Bottom line though, the glasses have to be polarized.  When you can see clouds the way God probably sees them, then dude, those are the kind of glasses I want.  Only problem is, polarizing sunglasses are rarely mirrored or opaque enough so you can’t see the eyes.  And that just won’t do, especially when I’m checking out a super hot awesome babelicious babe’s umm… shoes.   It’s none of people’s business what I’m looking at anyway.  :whistle:

I did see one brand that had polarized but completely opaque (none of that ugly brownish tint) at a Mall once, but I never got the name.  Once again, suggestions on brands I could check out are welcome.  :shades:
 

The Cellphone

 
I’m with Verizon, which as some of you Verizon users know likes to nickel and dime every bloody damned thing you do on your phone including using the built-in calculator.   Seriously, this is the one network where if you utilized every possible feature they offered you’d probably pay oh, about a grand a month or so for the pleasure.  And just to milk it further, let’s not pay a one time fee to download, say a ringtone.  Let’s offer a SUBSCRIPTION FEE instead where you have to subscribe to a ringtone you like on a $%^&ing monthly basis.  Dude, seriously.  Not cool.

And since I’m using a basic LG phone, it takes me about 10 minutes to dial in complete sentence when texting someone (including Twitter).  I could go Blackberry I guess, but let’s face it, we all know there’s only one solution here:

My hands are manlier.

My hands are manlier.

I’ll have to jump ship and go with AT&T though, and from what I understand of their monthly plans, the costs can get steep ($80 or so for the whole works including unlimited text).   But a coworker let me try out the iPhone just for a minute and it was enough for me to fall in love.  :love:  Yep, I definitely wantie, especially when all the favorite apps I use have also been ported for the iPhone.  Heck even my webstats service ported an app for the iPhone.  Mobile blogging and twittering would get a whole lot more fun with an iPhone too, especially if I get caught in a Cat 5 hurricane and want to live blog the experience while sharp debris fly around me.

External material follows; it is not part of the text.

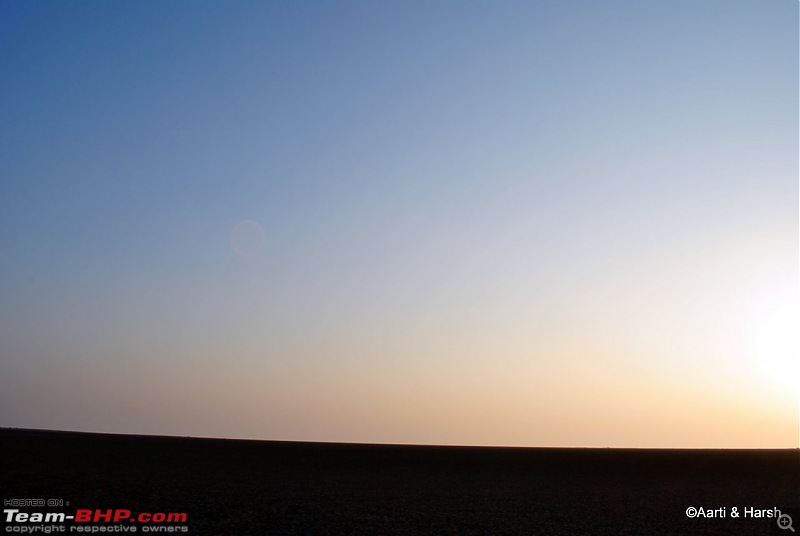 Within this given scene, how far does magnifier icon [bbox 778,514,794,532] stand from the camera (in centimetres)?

So for those of you who jumped from your former network to AT&T, was it a real pain?  I was told I can still keep my phone number from Verizon, but I’ll have to find out for sure.  One thing’s certain, I just can’t be a true badass now if I’m not carrying an iPhone. :D
 

The MacBook

 
Villains use Windows.  The good guys use Macs.  There’s a reason for this, so who am I to break with tradition?  Besides, I need a machine that removes as many roadblocks as humanly possible between creating multimedia content and uploading it to my blog.  Do I wanna make a video?  Click click, done.  Do I want to create a podcast so y’all can swoon at the sound of my stud sounding voice?  Click click, done.  Photos, Music Composition?  No problem.  They really do make it that simple, at least from what I could tell when I played around with a MacBook for about two hours at Best Buy until they threw me out.  Microsoft?  I don’t know what these people are smoking, but Vista acts more like a virus sent by the Russians than an operating system.  Seriously, how hard can it be to make something as user intuitive and fun to play with like GarageBand?  I’d like to compose some bit of music and videos one of these days, but Microsoft, they like to leave that sort of thing up to third party developers who charge you $500 for the pleasure of installing their bloated craptastic software onto your system, which then proceeds to chew up your memory into bits, cause your hard drive to forget how to spin again and your video card to go blind from insanity.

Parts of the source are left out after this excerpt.